**WHAT YOU NEED TO DO**
Return each entry below exactly. Skip the images.

**INFORMATION GIVEN**
§ §

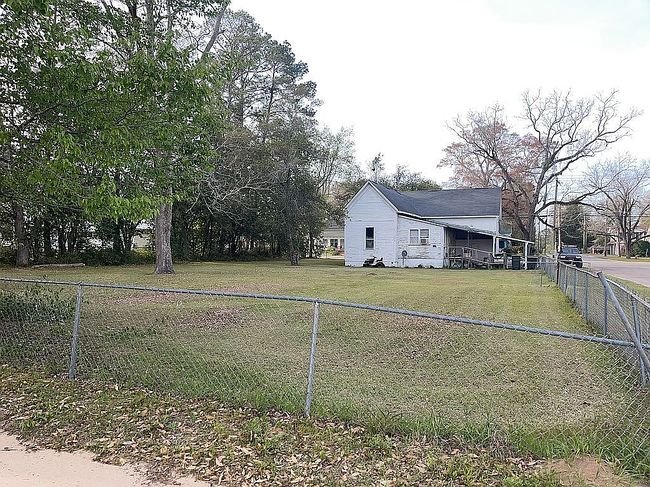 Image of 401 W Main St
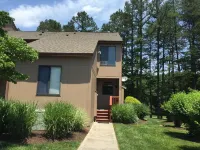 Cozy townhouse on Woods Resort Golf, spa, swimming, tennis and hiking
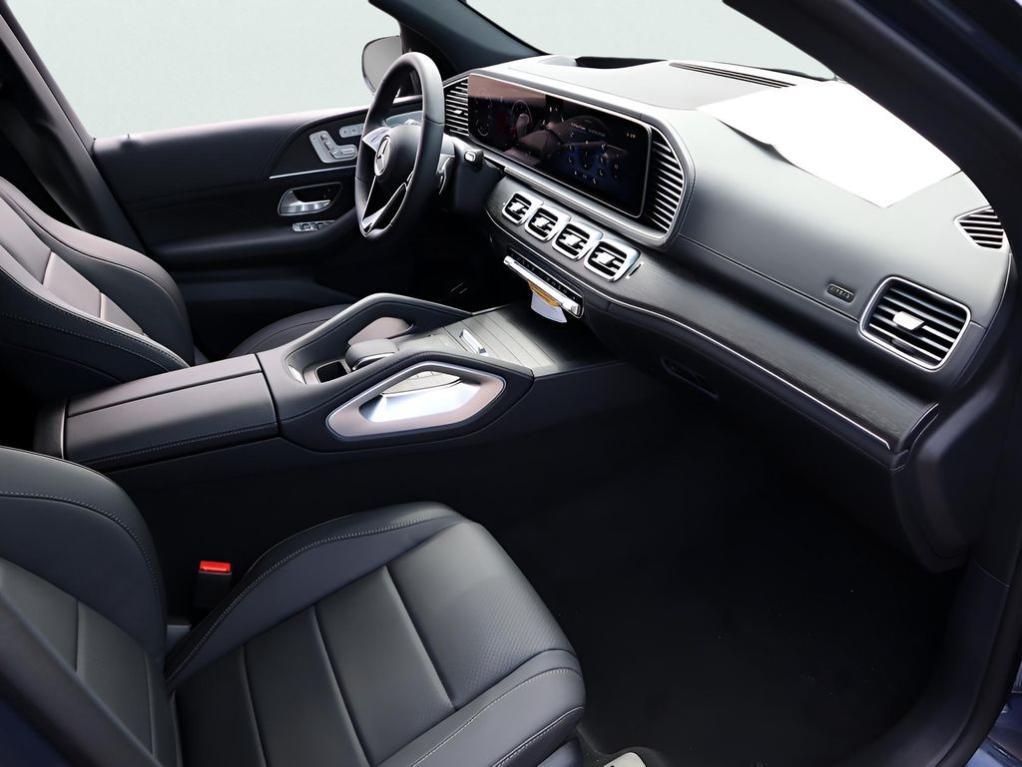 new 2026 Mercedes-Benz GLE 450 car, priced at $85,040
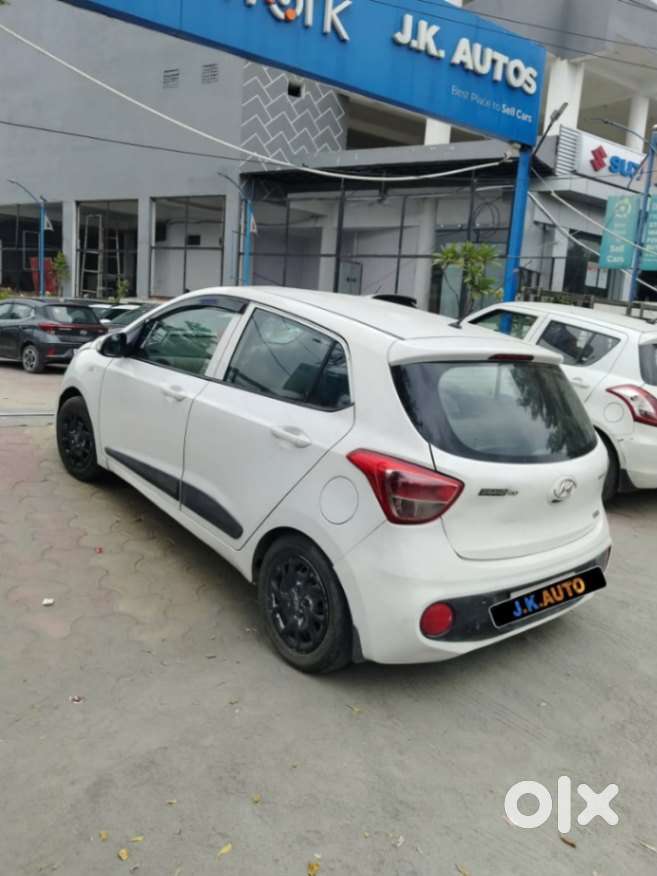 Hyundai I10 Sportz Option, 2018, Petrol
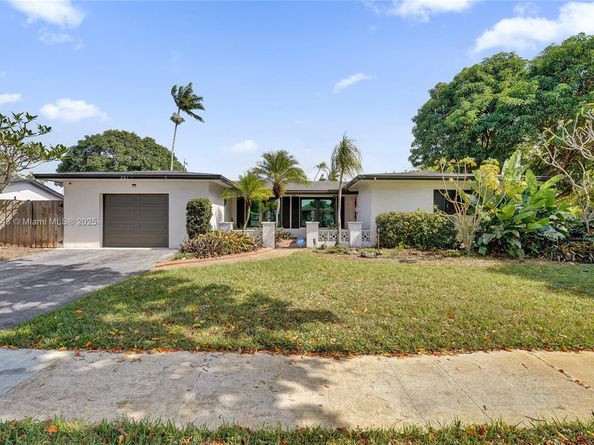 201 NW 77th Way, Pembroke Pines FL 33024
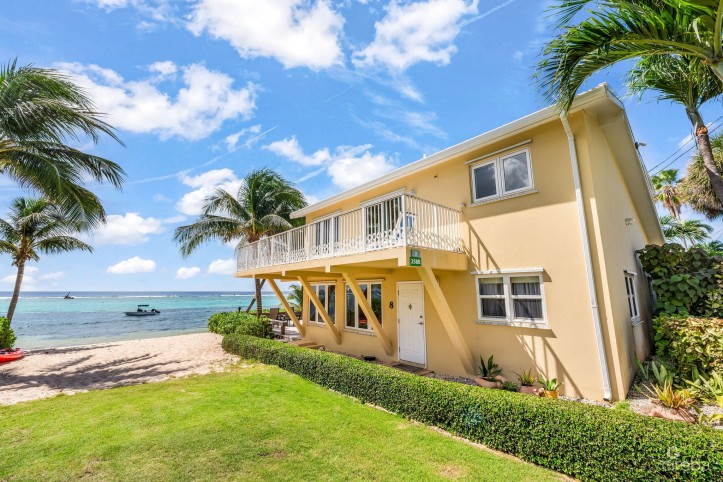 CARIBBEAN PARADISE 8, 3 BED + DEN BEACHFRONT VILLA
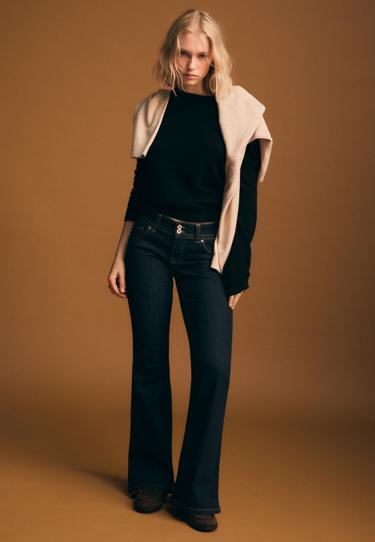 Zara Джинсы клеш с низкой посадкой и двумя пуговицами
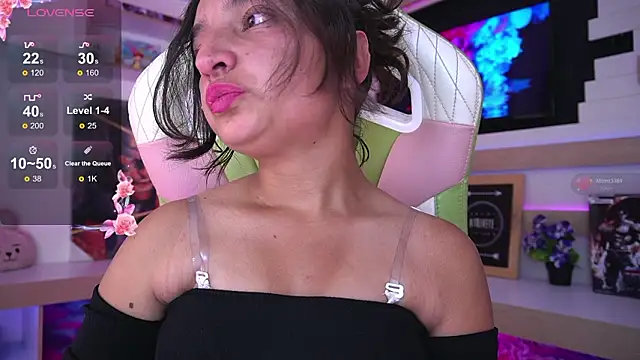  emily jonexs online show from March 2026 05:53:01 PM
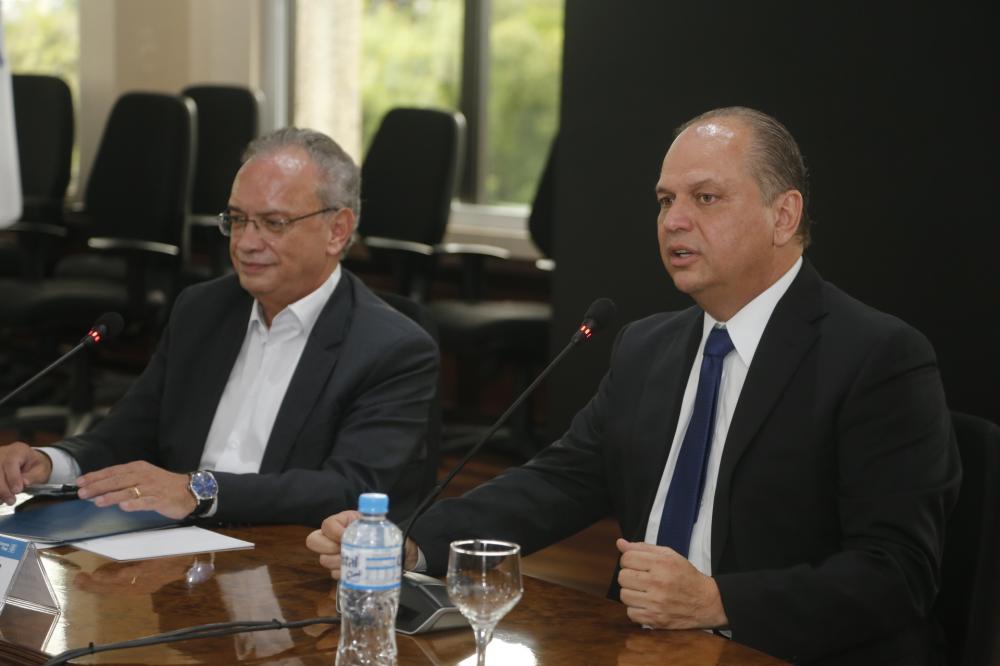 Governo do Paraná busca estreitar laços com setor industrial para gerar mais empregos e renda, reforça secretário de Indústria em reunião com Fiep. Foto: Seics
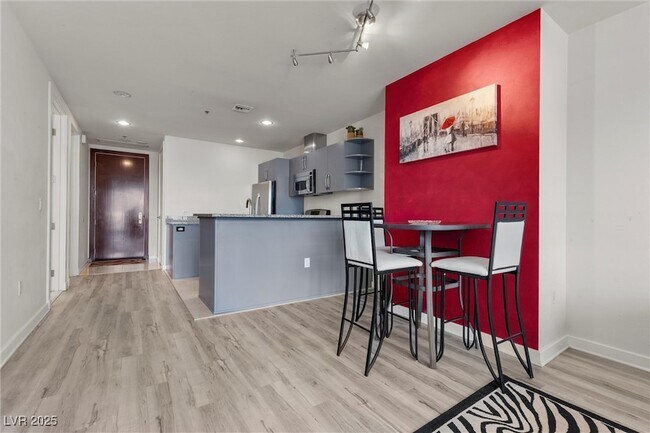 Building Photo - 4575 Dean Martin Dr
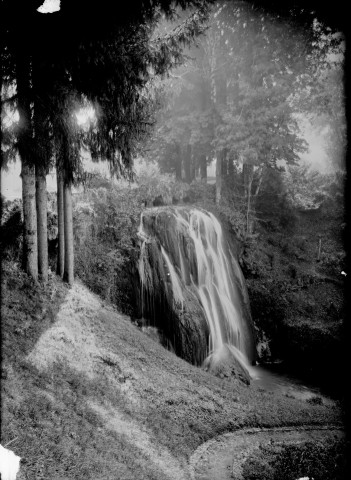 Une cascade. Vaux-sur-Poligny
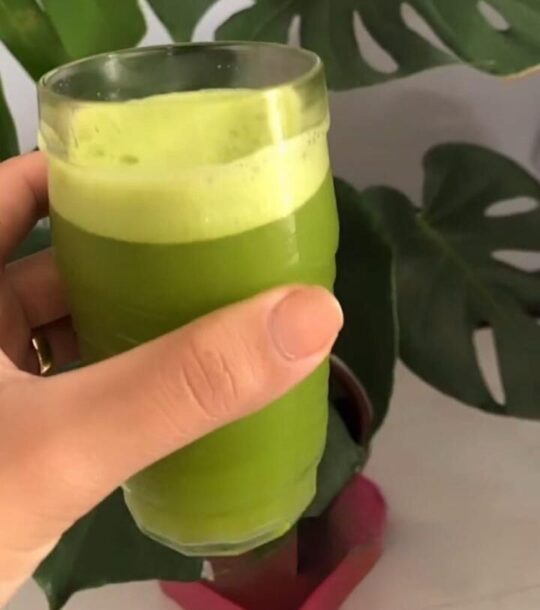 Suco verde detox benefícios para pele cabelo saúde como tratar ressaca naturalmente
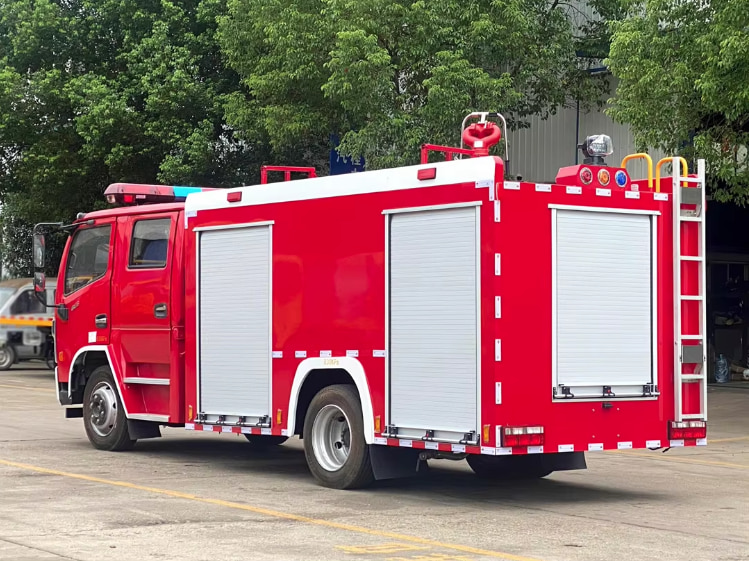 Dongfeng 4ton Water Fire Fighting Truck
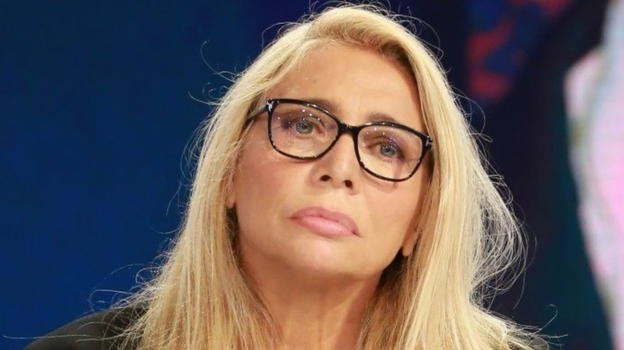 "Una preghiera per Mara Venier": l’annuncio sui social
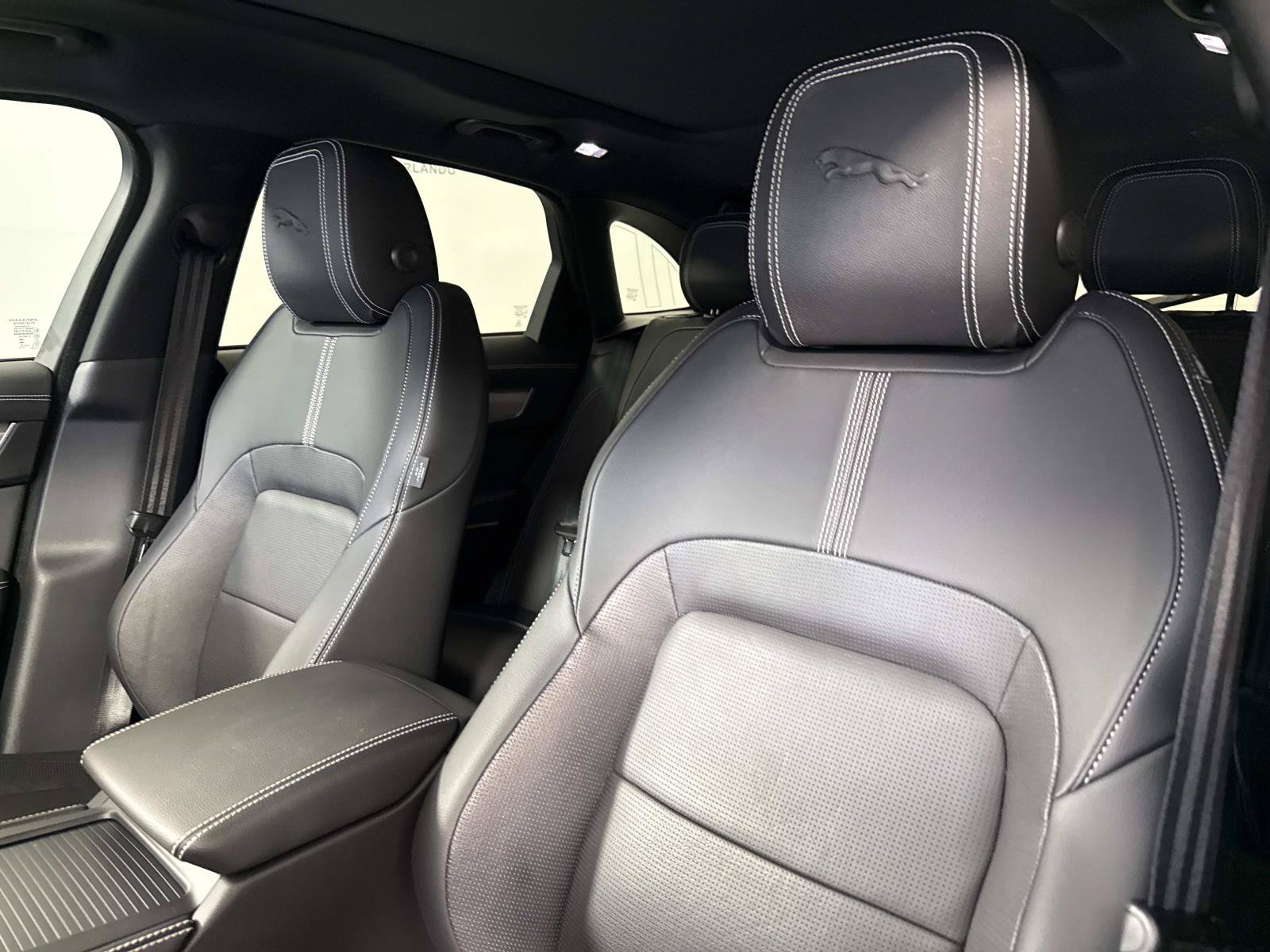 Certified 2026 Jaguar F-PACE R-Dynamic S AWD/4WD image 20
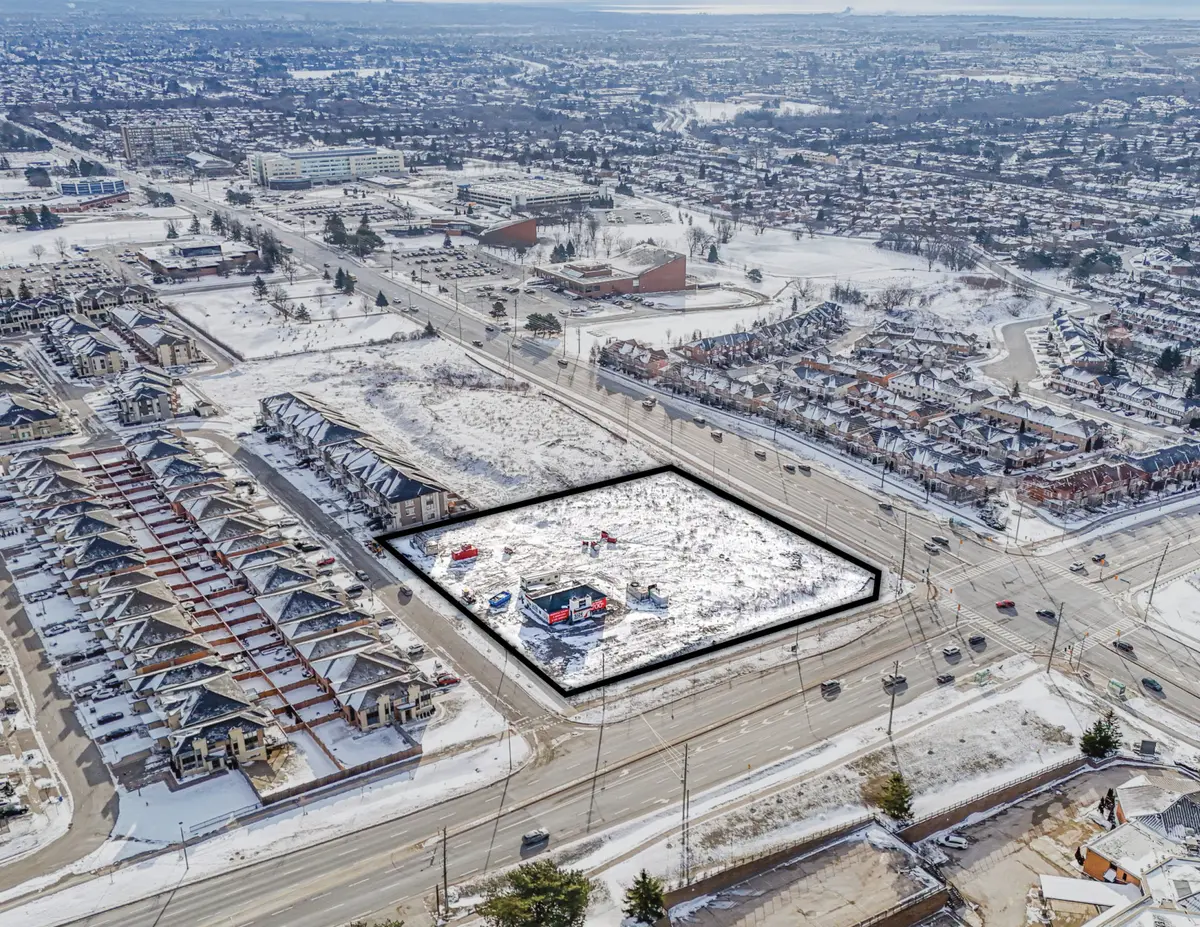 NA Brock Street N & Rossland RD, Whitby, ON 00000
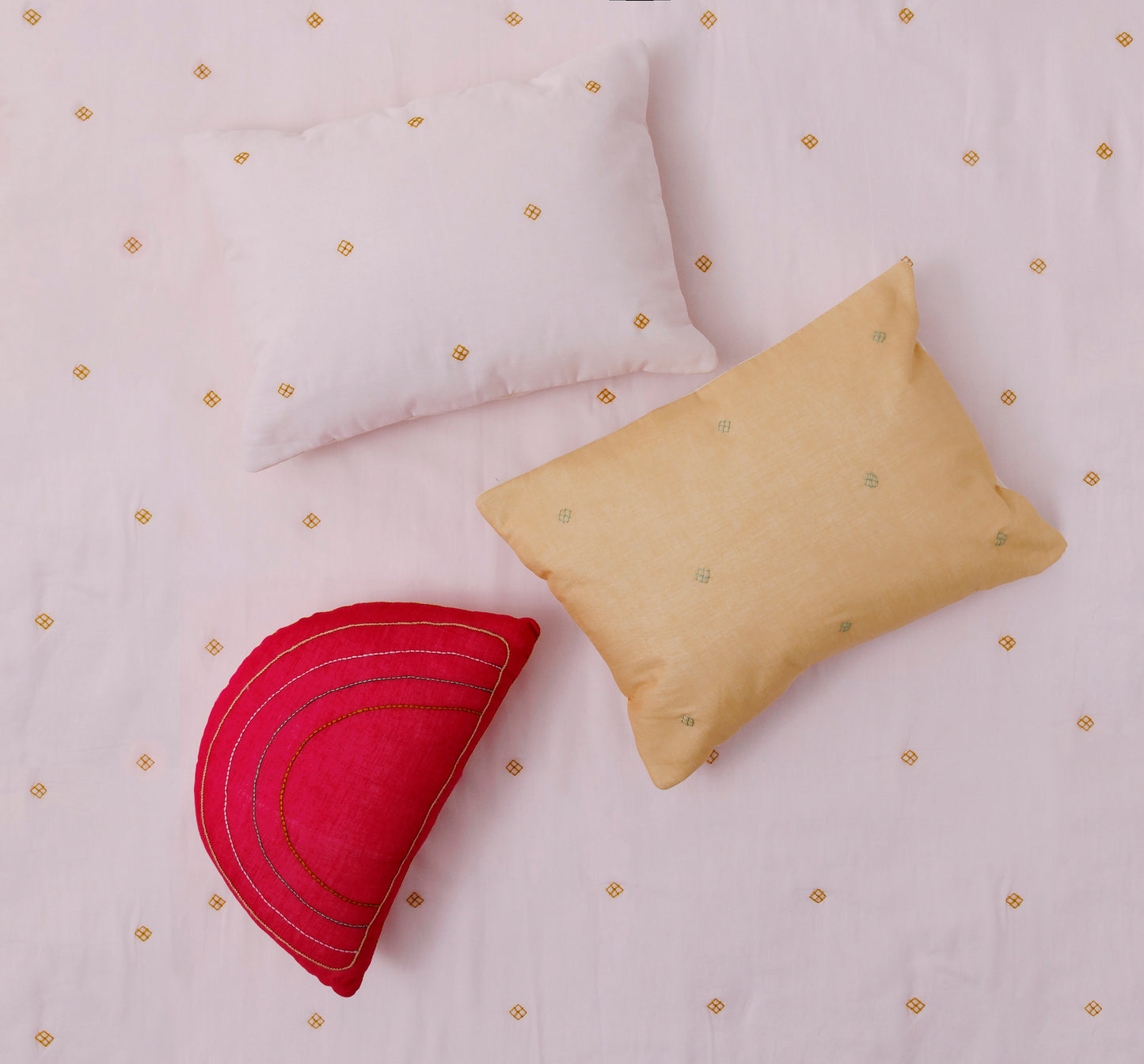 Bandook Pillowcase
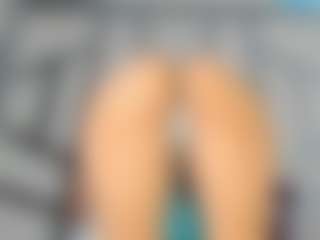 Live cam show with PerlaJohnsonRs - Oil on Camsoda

§ §

**SOLUTION TO THIS TASK**
 Image of 401 W Main St
 Cozy townhouse on Woods Resort Golf, spa, swimming, tennis and hiking
 new 2026 Mercedes-Benz GLE 450 car, priced at $85,040
 Hyundai I10 Sportz Option, 2018, Petrol
 201 NW 77th Way, Pembroke Pines FL 33024
 CARIBBEAN PARADISE 8, 3 BED + DEN BEACHFRONT VILLA
 Zara Джинсы клеш с низкой посадкой и двумя пуговицами
  emily jonexs online show from March 2026 05:53:01 PM
 Governo do Paraná busca estreitar laços com setor industrial para gerar mais empregos e renda, reforça secretário de Indústria em reunião com Fiep. Foto: Seics
 Building Photo - 4575 Dean Martin Dr
 Une cascade. Vaux-sur-Poligny
 Suco verde detox benefícios para pele cabelo saúde como tratar ressaca naturalmente
 Dongfeng 4ton Water Fire Fighting Truck
 "Una preghiera per Mara Venier": l’annuncio sui social
 Certified 2026 Jaguar F-PACE R-Dynamic S AWD/4WD image 20
 NA Brock Street N & Rossland RD, Whitby, ON 00000
 Bandook Pillowcase
 Live cam show with PerlaJohnsonRs - Oil on Camsoda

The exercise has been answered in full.